Making sense of Yeardley Love's tragic death
Regarding the May 7 Metro story " 'I think it has been hard on everyone,' " about the the slaying of Yeardley Love at the University of Virginia:
As a graduate of the university and the parent of a 2007 graduate and a student who will graduate this month, I was shocked and saddened by Ms. Love's senseless death. While I appreciate the care and tending that U-Va. President John T. Casteen III provided to the students, there is an elephant in the room. It is inconceivable to me that Mr. Casteen, in a speech he gave during a candlelight vigil, urged students to act when they see abuse or violence around them, when the university has a policy, in most cases, of not informing parents when their children are abusing themselves by drinking illegally.
It is time for universities across America to heed Mr.
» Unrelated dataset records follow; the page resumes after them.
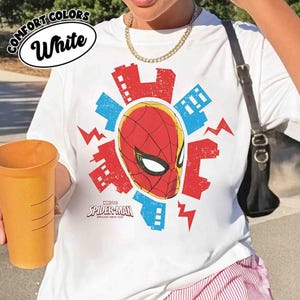 Puede incluir: Una camiseta blanca con un gr&aacute;fico central de la m&aacute;scara de Spider-Man en rojo y negro, rodeada de siluetas de edificios urbanos en rojo y azul y rayos. El texto Spider-Man Brand New Day est&aacute; impreso debajo de la m&aacute;scara.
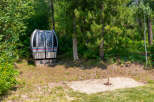 Discover a unique property featuring a vintage ski lift gondola, offering a nostalgic touch to your outdoor space.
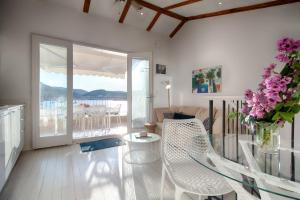 ein Wohnzimmer mit einem Glastisch und einer Blumenvase in der Unterkunft Villa Riva, Vis in Vis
Casteen's advice. No longer should underage drinking be kept in a separate category of abuse; no longer should we "protect" students by keeping this information from parents, who are in the best position and who are the most motivated to help their children deal with the problems arising from underage drinking.
Just as U-Va. will seek to have more access to "private information" from law enforcement officials, so too should U-Va. grant more access to "private information" to parents. Let this be Yeardley Love's legacy.
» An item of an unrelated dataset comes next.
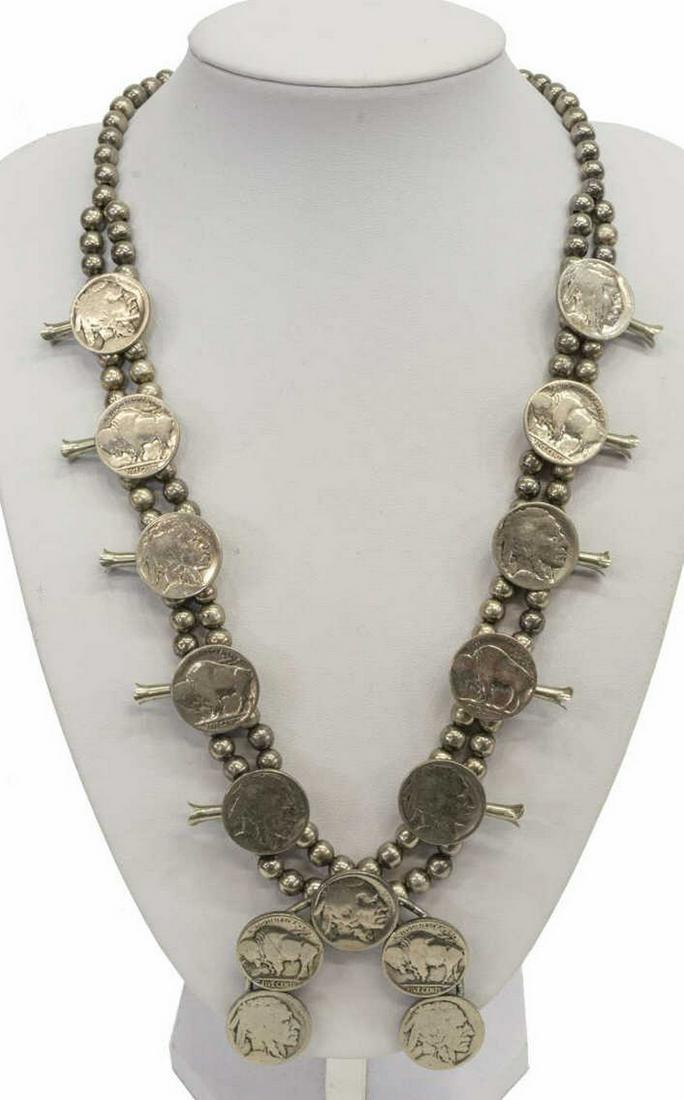 NATIVE AMERICAN BUFFALO NICKEL SQUASH BLOSSOM: Native American Indian Head / Buffalo nickel squash blossom necklace, fashioned with silver (content unknown) bench beads and mounted with (10) blossoms surmounted by alternating coins, central naja f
Barbara Andrukonis, Arlington
In her May 8 Sports column about the death of Yeardley Love, "Culture of silence gives free rein to male athletes," Sally Jenkins concluded that "women can't do anything" about the code of silence that pervades men's locker rooms. But a woman can, and must, say no to a man who is physically abusive. Her friends, teachers and the law are there to support her and to insist that she say no.